Всякая традиция, не будучи обновляемой, неминуемо иссыхает и превращается в рутину, способную удушить самое великое артистическое дарование. Примеры Улановой, расцветшей в «Ромео и Джульетте» (тоже шекспировском балете!), или Плисецкой, блеснувшей в произведениях Щедрина, у всех в памяти. Новым поколениям балетных звезд тоже необходимо дать шанс.

Особенно перспективным в этом плане представляется освоение огромного баланчинского наследия. Георгий Мелитонович Баланчивадзе, на Западе с подачи своего ментора Дягилева ставший Баланчиным, был экстраординарным воспитанником русского классического балета. Он смело обновил его традиции и, как многие считают, этим спас его как релевантное «живое» искусство для второй половины ХХ века.

Баланчин вместе со Стравинским и Набоковым составляют троицу русско-американских титанов «высокого модернизма». В советское время их творения из-за эмигрантского статуса создателей в отечестве не приветствовались. Мешала и их модернистская направленность. Нынче оба эти препятствия отпали; всем ясно, что перед нами «драгоценности» мировой культуры нового времени.

Стравинский по праву превратился в одного из главных кумиров молодых российских композиторов. Набокову повезло меньше: он, пожалуй, сегодня больше почитаем в Америке, чем в России. Имя Баланчина, который использовал музыку Стравинского в своих «Драгоценностях», еще не стало таким же магнитом для зрителей в Москве, каким оно является в Нью-Йорке. Сцена Большого театра — это идеальная площадка для подобного волшебного эксперимента. Он может безмерно обогатить и театр, и его аудиторию.

У гастролей Большого театра есть важный международный аспект. Я имею в виду культурный обмен между Россией и Западом. В последнее время он затруднился. Ряд обещающих культурных инициатив был свернут, а выступления артистов из России пикетировались. Я наблюдал даже драку по этому поводу у Карнеги-холл: картина редкая и, надо сказать, удручающая.

Есть старое изречение: «Когда говорят пушки, музы молчат». Я бы его переиначил: «Когда разговаривают музы — меньше шансов, что заговорят пушки». Баланчин свои «Драгоценности» задумал как оммаж трем странам, в которых он жил и творил — России, Франции и Америке.
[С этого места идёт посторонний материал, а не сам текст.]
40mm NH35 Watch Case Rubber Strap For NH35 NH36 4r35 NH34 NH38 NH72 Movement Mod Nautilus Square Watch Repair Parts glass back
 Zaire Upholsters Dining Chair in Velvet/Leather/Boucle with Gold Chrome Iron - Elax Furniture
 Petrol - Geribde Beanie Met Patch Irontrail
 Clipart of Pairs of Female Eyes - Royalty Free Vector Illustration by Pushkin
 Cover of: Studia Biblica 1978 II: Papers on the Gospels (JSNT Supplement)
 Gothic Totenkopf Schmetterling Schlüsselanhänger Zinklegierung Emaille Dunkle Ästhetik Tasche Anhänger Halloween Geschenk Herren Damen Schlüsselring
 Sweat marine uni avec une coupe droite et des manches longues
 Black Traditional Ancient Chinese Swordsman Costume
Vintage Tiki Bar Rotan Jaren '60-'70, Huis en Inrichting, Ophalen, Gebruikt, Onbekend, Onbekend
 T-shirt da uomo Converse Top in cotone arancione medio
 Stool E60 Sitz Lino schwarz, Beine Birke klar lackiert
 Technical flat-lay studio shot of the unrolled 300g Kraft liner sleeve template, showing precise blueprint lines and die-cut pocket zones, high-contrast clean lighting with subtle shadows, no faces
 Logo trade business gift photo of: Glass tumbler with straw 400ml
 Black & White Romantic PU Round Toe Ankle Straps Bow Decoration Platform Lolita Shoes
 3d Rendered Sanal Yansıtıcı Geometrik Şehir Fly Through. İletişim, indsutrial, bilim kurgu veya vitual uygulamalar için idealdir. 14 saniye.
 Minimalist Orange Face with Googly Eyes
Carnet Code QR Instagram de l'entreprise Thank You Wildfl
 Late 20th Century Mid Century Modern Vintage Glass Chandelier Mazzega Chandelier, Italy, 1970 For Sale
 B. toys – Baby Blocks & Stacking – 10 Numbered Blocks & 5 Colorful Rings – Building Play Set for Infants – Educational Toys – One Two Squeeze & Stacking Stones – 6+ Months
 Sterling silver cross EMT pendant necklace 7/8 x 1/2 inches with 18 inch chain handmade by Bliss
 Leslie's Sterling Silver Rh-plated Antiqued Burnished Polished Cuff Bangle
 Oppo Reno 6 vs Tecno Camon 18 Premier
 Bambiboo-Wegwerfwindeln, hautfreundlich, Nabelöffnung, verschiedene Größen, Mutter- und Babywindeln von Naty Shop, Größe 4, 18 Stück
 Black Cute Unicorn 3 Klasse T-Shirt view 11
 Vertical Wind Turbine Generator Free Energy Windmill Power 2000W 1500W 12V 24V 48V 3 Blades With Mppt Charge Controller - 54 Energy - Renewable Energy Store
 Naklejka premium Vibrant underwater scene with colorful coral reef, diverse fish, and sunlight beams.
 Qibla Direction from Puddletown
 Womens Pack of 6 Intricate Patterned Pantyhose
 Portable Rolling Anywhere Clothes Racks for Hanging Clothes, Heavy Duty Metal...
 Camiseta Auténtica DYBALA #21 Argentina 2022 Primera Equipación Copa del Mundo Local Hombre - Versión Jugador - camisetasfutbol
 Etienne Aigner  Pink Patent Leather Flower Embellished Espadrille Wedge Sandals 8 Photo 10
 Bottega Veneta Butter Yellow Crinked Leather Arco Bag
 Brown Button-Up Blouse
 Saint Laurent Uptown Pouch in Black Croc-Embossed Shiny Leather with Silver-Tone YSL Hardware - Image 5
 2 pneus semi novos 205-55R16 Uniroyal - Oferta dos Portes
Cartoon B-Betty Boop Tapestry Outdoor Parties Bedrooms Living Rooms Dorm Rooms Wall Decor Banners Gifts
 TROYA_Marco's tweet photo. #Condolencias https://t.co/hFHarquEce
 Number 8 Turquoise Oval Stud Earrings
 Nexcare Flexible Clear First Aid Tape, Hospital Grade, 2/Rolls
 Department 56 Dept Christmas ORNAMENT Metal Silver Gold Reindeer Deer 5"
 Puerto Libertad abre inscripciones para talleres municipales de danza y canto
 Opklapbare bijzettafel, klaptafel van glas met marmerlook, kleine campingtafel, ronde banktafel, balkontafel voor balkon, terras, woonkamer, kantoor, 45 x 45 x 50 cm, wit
Франция наградила его орденом Почетного легиона, США — Президентской медалью свободы.

От Советского Союза Георгий Мелитонович по выше описанным причинам ордена не дождался. Но, думаю, что больше всякого ордена его бы порадовал факт любовного и мастерского исполнения его произведений артистами из России. Это и есть высшая возможная награда для творца.

Характерно, что на сей раз никаких враждебных пикетов не наблюдалось. А когда в конце первого представления «Драгоценностей» на сцену вышли, взявшись за руки, руководители участвовавших в спектакле американской, французской и российской балетных трупп (Питер Мартинс, Орели Дюпон и Махар Вазиев), зрители в зале встали. Это был символический момент, достойный внесения в балетные анналы.

Автор — писатель, музыковед, культуролог, живет в Нью-Йорке.